Malcolm Wilson, Chief Executive Officer of GXO, said, "Our solid preliminary first quarter results reflect the improving trend we noted earlier this year, and we anticipate continued sequential organic growth throughout 2024. As a result, we are reiterating our full-year 2024 guidance.
"Our pace of new business wins is accelerating, with a 55% increase year over year in first quarter wins. We continue to see a strong outsourcing trend, with more than half of our wins in the quarter coming from customers outsourcing to GXO or partnering with GXO for the first time, and our pipeline has increased to $2.2 billion as of the end of the quarter. Customers are continuing to turn to GXO to improve service, drive efficiencies, and lower costs throughout their supply chains.

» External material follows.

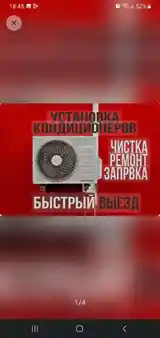 Услуги установки и ремонта кондиционеров-2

"We're also taking this opportunity to update the long-term guidance provided at our Investor Day in January 2023. Our revised targets reflect our performance in 2023 and guidance for 2024, which assumes the gradual recovery of consumer demand for physical goods. Additionally, following the recent approval by Wincanton shareholders of our planned acquisition, the expected impact of this transaction is also embedded in our new 2027 plan.

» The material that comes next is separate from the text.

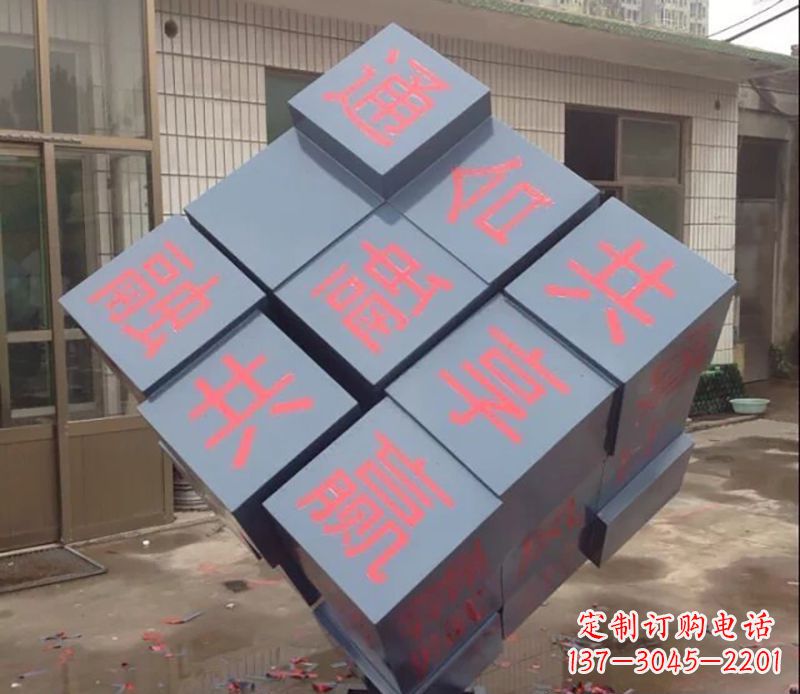 周口不锈钢魔方雕塑以艺术形式挑战智力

"Looking ahead, we're enhancing our position to capture more of the growing outsourcing opportunity. We are investing in our sales organization and strategically increasing the number of higher-margin, longer-duration automation contracts across our global footprint. We are also diversifying our business across geographies, including Germany, and verticals, particularly in beauty and luxury markets worldwide, as well as industrials and aerospace in Europe. These actions, coupled with the normalizing of consumer goods spending, underpin our confidence in our long-term growth framework to drive significant shareholder value over the long term."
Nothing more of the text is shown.